With so much on the line, elections test a news organization's ability to meet public expectation. CBC's role as a public broadcaster is particularly scrutinized.
To assess performance against standards, I've appointed three independent panels to review elements of CBC election coverage online and on television and radio. The five-member panels will gauge coverage for its accuracy, fairness, balance and integrity in the context of CBC Journalistic Standards and Practices.
Their presence isn't a new approach, by any means. Previous ombudsmen have appointed panels each federal election, in keeping with a mandate that permits outside advice on certain issues from time to time.
Panelists have no electoral or political involvement and are from outside CBC, so they can conduct their work with neutrality. Many have journalistic experience (including a few at CBC years ago) to ensure they could practically and rigorously evaluate CBC's work. All have worked in, taught, or extensively dealt with journalism or public policy.

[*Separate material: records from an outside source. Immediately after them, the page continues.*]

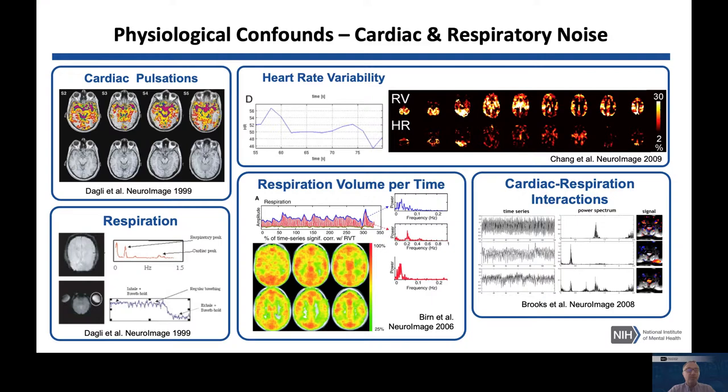There are two approaches: data-driven methods that extract the nuisance components from the fMRI data itself, or using a respiratory belt and pulse oximeter to provide external traces of these physiological functions for better modeling. It is really a good idea to get those external measures — this is a topic I will keep bringing up during this talk.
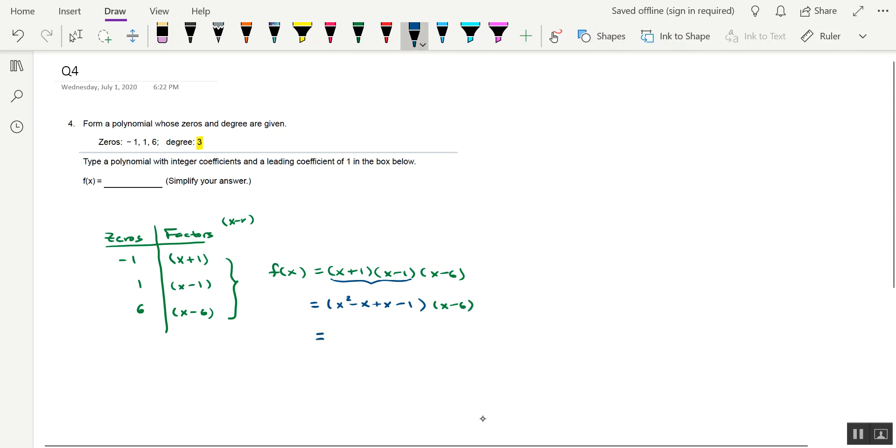The first factor simplifies as x squared minus 1. Of course, the x minus 6. And now what we can do is multiply these two factors together.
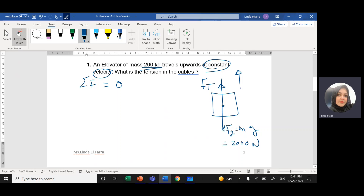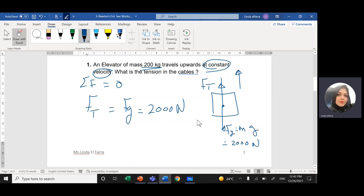If the summation of forces equals zero, we have equilibrium. All forces up should equal all forces down. The tension force upward equals Fg downward, which equals 2000 Newtons. So the tension force is 2000 Newtons.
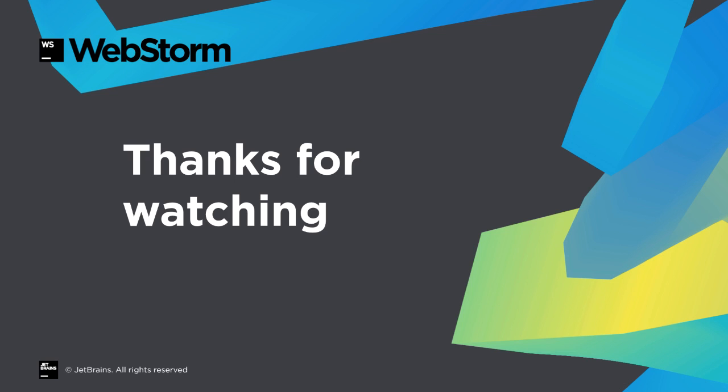With so many big-ticket features, as well as regular improvements, WebStorm 2016.3 is a significant release. As always, thanks for watching this What's New in WebStorm video.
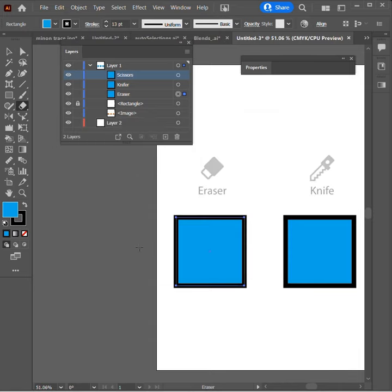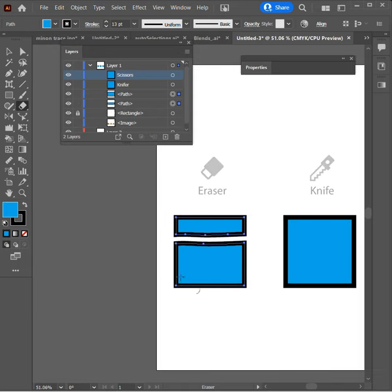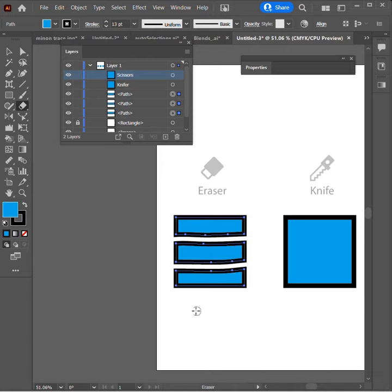The eraser tool is an actual brush. Here's my size. And as the name implies, it allows me to just erase parts of that shape. I can go ahead and click and drag, and now you'll see I have three separate shapes.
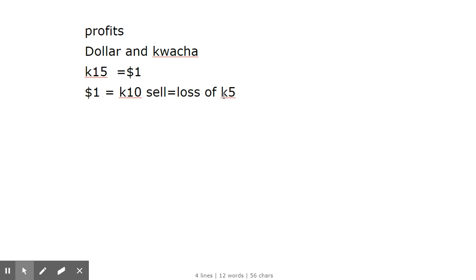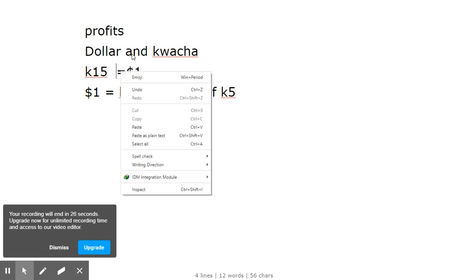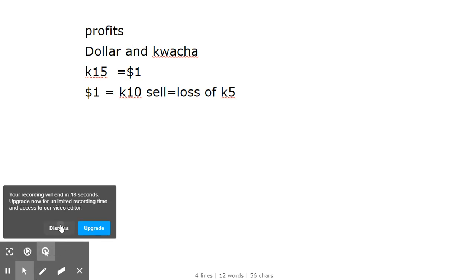This is what Forex is all about - it's all about buying when one currency is low and selling when the currency has risen in value, or the value has gained. This was the introduction about Forex.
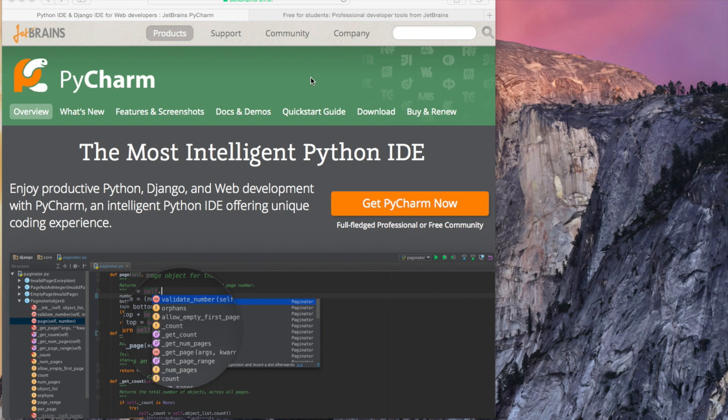Hey everybody! This is a tutorial about PyCharm, one of the most popular Python IDEs.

The panel examining CBC Radio under University of British Columbia journalism professor Candis Callison will listen to the morning and evening flagship national newscasts. The online panel under governance counsel David Fushtey will surf CBCNews.ca election coverage.The CBC Television panel under former Maclean's editor Anthony Wilson-Smith will be watching The National.
They will convene regularly by phone or electronically (they live in and come from various regions) and produce reports at the end of the campaign for the CBC board that will be shared with senior CBC management. Those reports also will be made public. Meantime, they can alert me to anything they feel should be reviewed.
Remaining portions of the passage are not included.